**Problem:** Look for the line that has "FRONT LEFT DRIVER" in the material below; please repeat it and every line after it, exactly, up to and including the line that has "David Templeton von", and nothing else.

**Dataset entries:**
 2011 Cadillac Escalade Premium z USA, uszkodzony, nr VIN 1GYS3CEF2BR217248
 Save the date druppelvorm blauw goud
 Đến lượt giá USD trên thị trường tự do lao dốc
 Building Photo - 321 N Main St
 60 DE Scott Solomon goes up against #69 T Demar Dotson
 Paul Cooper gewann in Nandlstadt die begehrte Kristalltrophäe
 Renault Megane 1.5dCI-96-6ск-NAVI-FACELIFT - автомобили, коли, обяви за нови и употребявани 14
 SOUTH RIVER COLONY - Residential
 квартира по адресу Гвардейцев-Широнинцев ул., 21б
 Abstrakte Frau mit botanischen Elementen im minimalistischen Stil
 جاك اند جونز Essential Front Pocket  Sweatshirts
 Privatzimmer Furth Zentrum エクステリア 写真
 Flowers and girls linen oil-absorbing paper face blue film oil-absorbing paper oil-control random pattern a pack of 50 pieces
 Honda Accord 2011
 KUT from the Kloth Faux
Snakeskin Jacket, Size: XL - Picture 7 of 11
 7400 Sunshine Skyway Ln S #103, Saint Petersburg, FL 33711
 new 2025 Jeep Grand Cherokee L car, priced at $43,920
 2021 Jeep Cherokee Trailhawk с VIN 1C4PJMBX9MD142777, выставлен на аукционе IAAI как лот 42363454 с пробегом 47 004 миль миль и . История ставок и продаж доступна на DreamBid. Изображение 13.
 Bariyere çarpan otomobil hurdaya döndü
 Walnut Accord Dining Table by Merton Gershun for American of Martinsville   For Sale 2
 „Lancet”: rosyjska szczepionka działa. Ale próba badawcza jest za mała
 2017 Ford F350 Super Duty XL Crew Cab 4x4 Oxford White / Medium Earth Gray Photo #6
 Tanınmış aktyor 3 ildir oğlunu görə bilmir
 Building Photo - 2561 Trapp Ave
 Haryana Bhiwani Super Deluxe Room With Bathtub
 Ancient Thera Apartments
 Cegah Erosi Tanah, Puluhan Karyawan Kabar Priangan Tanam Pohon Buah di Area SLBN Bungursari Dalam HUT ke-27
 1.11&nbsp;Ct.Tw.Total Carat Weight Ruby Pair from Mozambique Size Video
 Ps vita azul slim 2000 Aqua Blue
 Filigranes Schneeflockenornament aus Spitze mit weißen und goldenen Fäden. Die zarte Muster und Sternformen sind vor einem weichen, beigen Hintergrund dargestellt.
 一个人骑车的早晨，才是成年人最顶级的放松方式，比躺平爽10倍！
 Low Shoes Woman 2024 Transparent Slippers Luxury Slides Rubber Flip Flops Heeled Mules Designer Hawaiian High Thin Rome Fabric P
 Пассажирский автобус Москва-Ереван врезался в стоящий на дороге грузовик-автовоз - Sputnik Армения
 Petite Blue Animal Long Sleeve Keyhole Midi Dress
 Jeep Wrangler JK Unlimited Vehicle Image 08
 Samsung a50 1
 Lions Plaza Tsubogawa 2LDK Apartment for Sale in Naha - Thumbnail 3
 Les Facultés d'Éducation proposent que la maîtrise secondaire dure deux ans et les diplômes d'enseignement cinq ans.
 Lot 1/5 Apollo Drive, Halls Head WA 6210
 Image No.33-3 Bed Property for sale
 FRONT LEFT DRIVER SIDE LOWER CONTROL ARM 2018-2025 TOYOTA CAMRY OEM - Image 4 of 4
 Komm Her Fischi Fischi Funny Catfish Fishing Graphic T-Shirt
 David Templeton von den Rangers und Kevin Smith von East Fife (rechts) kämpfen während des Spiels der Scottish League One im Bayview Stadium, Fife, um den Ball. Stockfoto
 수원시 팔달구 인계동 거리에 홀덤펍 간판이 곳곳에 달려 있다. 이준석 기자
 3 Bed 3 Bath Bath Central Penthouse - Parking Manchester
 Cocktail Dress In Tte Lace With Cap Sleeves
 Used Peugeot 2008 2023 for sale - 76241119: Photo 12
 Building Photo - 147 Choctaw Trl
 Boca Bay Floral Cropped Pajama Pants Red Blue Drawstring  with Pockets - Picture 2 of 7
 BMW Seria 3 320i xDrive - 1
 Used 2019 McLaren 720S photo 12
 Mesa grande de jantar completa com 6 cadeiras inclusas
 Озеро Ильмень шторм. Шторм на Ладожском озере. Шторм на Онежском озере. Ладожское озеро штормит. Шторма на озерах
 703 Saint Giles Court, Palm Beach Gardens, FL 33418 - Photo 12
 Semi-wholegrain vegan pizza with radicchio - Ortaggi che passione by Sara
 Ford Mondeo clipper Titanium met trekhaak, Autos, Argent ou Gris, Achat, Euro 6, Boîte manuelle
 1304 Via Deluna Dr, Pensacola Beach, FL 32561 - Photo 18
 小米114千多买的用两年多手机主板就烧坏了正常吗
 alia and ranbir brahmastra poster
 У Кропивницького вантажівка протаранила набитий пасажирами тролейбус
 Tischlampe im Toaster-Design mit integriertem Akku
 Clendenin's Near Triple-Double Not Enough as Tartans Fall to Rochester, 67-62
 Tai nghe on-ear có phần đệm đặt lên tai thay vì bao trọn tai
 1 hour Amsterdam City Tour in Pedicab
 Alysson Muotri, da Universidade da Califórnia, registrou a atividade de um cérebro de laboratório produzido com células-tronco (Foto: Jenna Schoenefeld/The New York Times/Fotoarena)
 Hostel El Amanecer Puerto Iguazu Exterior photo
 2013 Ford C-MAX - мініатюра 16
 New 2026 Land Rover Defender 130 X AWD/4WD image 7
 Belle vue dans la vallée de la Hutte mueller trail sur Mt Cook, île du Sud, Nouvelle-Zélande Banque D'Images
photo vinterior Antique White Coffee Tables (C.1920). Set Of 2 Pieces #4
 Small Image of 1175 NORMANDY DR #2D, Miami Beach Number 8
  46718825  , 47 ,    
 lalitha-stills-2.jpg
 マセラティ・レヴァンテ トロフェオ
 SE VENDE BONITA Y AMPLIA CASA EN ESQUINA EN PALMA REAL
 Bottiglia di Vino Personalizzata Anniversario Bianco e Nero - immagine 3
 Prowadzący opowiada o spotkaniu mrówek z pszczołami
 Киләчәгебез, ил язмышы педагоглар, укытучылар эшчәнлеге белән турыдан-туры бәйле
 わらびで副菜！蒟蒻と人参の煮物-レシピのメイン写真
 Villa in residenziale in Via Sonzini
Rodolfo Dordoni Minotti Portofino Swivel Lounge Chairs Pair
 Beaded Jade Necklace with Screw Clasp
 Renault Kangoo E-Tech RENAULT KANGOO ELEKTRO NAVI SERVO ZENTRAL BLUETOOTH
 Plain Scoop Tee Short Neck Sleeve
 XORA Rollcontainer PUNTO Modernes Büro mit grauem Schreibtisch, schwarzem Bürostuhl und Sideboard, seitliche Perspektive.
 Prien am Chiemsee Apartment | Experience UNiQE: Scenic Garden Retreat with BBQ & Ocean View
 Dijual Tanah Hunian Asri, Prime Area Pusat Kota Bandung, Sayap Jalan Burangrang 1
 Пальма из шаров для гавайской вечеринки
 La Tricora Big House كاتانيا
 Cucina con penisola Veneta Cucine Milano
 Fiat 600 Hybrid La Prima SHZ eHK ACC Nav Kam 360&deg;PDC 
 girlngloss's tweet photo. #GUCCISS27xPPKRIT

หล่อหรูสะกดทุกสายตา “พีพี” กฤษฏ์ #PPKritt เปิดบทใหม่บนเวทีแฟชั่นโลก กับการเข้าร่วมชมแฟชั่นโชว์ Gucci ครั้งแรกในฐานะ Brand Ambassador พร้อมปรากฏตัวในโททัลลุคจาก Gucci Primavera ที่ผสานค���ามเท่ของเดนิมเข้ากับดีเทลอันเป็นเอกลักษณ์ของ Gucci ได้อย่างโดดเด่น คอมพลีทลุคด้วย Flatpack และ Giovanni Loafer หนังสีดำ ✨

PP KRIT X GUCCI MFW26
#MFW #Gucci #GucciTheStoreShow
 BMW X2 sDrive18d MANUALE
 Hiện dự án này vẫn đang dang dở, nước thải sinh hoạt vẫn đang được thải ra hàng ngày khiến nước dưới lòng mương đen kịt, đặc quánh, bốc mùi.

**Answer to this problem:**
 FRONT LEFT DRIVER SIDE LOWER CONTROL ARM 2018-2025 TOYOTA CAMRY OEM - Image 4 of 4
 Komm Her Fischi Fischi Funny Catfish Fishing Graphic T-Shirt
 David Templeton von den Rangers und Kevin Smith von East Fife (rechts) kämpfen während des Spiels der Scottish League One im Bayview Stadium, Fife, um den Ball. Stockfoto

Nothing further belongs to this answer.